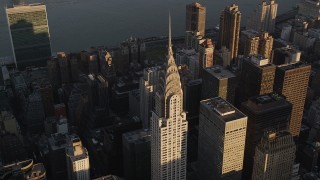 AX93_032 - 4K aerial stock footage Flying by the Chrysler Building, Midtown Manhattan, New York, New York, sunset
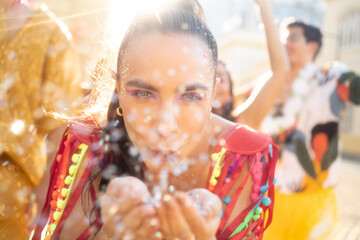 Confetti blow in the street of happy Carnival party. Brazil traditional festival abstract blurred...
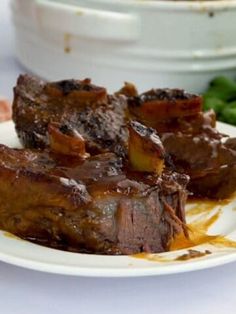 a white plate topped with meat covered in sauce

........

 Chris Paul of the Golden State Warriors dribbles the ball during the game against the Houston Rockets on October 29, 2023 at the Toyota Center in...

........

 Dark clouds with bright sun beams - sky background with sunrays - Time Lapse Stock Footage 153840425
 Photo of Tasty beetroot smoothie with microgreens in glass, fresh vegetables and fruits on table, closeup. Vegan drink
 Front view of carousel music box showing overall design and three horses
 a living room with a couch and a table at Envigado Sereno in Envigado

........

What to work on
Print only what lies in the material above starting at the line with "Front view of" and ending at the line with "a living room", every line exactly as given.

Answer area
 Front view of carousel music box showing overall design and three horses
 a living room with a couch and a table at Envigado Sereno in Envigado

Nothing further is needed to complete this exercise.